Porque a la sombra de toda descarada impudicia, de toda voluntad de arrojarse al fondo de la noche, si ambos arrebatos son verdaderos, subyace un hombre que huye de sí mismo, de todo
lo que lo rodea, del amor de Molly, que nada tiene que ver con la mujer de Bloom en el Ulises pero sí con los poderes de la humillación de quien se cree al tanto de la bajeza moral del tipo a quien amó y por ello es capaz de ofrecerle cincuenta dólares para que la deje en paz. Y Ferdinand, saltando de una cuerda a otra como en un concierto contrapuntístico, reacciona con el escandaloso humor que se reserva para las situaciones límite: “Primero la miré. No me atrevía. Pensaba en lo que habría dicho mi madre en un caso así. Y después pensé que mi madre, la pobre, nunca me había ofrecido tanto.”

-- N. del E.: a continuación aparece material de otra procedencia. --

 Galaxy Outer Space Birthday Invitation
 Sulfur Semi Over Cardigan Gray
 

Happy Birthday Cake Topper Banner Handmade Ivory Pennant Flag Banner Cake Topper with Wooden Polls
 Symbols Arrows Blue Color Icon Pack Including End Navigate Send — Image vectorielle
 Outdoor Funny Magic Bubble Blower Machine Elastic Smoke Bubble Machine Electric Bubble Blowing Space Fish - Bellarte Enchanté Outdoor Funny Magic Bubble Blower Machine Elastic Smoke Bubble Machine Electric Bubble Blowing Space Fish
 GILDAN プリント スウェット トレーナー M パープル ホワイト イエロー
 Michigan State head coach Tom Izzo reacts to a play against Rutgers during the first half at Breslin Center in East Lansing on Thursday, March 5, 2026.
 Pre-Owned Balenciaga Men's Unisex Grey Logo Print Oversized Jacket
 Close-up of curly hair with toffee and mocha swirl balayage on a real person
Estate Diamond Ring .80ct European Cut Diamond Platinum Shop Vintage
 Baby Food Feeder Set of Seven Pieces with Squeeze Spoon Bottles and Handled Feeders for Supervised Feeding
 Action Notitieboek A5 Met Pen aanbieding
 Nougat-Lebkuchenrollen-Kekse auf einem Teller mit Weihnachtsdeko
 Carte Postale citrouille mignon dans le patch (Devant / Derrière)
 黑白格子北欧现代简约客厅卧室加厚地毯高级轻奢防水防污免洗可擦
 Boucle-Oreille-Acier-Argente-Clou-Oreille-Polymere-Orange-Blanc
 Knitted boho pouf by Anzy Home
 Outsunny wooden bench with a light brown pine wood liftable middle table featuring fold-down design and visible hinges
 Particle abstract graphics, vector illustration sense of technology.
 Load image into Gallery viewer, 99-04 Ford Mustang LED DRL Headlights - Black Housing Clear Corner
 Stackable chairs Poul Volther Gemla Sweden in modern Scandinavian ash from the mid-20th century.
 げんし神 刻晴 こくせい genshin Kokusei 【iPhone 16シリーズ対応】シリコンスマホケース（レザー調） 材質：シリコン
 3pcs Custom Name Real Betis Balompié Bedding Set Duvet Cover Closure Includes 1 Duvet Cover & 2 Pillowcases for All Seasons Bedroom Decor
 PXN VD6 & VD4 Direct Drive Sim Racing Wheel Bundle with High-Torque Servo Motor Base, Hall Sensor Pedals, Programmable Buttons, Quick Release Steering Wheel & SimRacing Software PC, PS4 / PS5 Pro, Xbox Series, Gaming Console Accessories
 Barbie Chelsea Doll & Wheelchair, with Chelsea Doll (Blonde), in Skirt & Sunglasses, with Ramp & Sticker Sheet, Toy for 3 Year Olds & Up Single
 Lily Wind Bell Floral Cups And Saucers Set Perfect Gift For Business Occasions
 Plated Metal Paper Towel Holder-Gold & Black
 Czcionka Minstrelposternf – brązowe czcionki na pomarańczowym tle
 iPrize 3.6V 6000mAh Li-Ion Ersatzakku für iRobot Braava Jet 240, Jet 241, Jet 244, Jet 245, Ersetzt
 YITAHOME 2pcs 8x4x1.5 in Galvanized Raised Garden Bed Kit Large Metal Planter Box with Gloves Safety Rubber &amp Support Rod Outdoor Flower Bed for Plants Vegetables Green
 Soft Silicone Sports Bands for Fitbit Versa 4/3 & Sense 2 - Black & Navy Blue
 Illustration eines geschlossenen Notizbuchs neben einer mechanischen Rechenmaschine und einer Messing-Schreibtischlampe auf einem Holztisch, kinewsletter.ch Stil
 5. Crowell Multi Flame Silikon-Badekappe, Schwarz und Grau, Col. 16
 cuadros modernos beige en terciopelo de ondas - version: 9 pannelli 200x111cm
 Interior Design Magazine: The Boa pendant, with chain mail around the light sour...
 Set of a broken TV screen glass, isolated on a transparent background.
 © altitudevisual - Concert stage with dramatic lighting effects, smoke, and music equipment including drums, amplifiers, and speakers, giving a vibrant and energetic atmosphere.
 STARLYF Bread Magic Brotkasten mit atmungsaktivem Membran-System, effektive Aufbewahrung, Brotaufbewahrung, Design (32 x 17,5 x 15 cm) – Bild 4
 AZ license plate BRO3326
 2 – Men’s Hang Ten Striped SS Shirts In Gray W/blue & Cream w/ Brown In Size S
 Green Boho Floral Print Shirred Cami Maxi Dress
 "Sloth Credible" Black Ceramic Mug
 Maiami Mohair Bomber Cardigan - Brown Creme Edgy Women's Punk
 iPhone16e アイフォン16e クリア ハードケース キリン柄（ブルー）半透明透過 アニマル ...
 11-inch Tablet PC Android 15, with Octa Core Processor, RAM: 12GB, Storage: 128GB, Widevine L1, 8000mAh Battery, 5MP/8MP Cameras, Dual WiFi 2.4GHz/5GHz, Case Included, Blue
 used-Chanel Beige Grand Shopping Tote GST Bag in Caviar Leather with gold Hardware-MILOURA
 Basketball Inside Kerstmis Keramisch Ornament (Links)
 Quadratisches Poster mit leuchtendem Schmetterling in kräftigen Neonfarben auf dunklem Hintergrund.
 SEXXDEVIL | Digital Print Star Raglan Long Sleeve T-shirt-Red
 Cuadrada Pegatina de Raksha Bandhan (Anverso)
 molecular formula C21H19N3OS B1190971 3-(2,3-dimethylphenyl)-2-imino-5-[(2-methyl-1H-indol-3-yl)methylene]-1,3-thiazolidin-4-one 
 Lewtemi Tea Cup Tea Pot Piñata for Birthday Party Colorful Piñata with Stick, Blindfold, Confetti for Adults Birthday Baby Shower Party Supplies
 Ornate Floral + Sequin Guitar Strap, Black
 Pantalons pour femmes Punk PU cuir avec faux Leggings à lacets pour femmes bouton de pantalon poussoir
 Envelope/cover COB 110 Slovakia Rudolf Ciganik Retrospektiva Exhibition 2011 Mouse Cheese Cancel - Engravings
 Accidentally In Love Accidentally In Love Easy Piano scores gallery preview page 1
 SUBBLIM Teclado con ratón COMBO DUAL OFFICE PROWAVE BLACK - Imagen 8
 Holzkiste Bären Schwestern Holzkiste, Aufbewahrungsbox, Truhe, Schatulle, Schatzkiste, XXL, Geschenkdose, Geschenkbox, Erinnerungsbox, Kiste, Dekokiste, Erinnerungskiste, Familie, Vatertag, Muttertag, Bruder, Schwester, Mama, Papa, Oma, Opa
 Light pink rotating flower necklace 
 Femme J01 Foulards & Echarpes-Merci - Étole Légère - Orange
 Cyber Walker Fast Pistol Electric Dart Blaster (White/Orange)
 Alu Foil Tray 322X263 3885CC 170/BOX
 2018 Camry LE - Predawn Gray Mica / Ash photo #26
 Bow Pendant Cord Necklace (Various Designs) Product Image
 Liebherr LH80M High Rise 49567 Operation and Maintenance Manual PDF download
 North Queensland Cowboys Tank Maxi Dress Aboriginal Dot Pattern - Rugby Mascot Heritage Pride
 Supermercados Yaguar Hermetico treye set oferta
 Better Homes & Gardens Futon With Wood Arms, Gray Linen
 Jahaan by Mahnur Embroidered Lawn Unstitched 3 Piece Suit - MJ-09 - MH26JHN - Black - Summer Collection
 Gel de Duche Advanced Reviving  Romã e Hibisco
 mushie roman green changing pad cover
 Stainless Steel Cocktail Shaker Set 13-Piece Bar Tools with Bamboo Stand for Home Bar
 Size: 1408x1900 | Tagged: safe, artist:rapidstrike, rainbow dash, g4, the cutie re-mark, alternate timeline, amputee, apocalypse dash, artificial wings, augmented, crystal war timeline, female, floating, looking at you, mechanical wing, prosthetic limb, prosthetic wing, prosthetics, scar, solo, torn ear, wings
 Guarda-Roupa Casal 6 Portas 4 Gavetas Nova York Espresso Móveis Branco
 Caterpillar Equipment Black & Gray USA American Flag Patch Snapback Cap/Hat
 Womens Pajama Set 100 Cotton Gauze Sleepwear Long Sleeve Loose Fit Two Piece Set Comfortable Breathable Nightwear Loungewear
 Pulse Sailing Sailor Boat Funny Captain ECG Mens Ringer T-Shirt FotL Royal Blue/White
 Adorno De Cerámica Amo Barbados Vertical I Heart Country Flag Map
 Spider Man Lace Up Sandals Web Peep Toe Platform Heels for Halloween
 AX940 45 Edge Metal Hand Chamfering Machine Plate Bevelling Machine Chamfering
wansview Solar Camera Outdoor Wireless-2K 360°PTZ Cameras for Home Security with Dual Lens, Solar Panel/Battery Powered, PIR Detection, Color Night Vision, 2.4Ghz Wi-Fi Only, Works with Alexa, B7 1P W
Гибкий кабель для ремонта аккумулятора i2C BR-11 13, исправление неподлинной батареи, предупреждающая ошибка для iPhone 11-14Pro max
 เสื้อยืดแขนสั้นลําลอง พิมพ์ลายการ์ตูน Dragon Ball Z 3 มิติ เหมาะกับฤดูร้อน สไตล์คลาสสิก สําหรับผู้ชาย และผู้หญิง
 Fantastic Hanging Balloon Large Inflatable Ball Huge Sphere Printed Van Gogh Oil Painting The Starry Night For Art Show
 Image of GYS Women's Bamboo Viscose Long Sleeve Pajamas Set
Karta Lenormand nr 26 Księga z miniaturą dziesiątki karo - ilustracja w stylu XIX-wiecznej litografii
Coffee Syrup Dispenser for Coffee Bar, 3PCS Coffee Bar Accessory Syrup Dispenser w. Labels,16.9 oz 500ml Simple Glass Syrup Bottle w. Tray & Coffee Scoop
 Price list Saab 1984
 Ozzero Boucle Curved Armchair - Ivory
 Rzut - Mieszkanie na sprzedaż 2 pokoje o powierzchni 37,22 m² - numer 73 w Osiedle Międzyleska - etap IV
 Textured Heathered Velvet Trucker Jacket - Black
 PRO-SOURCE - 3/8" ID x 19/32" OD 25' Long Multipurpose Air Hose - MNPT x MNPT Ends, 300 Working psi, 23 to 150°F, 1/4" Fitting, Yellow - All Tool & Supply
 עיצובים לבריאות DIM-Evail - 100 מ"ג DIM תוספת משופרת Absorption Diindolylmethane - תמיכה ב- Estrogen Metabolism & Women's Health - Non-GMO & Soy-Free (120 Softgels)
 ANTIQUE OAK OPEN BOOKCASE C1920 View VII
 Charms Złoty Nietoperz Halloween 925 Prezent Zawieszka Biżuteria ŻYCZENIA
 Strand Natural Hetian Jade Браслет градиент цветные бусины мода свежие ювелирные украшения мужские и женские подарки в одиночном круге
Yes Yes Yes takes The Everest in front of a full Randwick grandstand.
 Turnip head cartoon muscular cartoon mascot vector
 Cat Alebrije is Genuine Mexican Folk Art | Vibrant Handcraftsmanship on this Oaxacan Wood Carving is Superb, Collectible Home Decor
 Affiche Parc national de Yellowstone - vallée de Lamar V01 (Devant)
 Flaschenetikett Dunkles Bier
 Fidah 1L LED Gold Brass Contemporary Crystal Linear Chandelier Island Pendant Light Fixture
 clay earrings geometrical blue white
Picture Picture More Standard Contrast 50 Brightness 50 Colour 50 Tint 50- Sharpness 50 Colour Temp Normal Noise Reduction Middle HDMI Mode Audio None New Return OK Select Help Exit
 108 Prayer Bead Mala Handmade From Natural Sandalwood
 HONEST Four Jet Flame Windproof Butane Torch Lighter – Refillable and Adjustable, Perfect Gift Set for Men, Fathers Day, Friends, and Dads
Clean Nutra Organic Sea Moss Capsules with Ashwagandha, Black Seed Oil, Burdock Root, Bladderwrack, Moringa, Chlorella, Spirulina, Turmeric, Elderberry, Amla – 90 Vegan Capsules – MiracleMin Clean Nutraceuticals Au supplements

Prosa fulgurante, desorbitada, llena de manías estilísticas –una de ellas: empujar los sujetos hacia el final de la oración, como recuperando un recurso sintáctico del latín–, llena de cómodos circunloquios, espontánea y sólida como una inteligencia en peligro, haciéndose eco de la pedante superchería de un personaje de Kundera (“los callejones sin salida son mi mejor fuente de inspiración”), la escritura de Céline es protagónica de la novela casi tanto o más que el propio Ferdinand, fundiéndose una en otro en un pacto amoroso, delirante, que hace de Viaje al fin de la noche una travesía de 600 páginas que se deja recorrer como si se tratara de un breve poema que escupe, y esculpe, una imagen moral de la humanidad.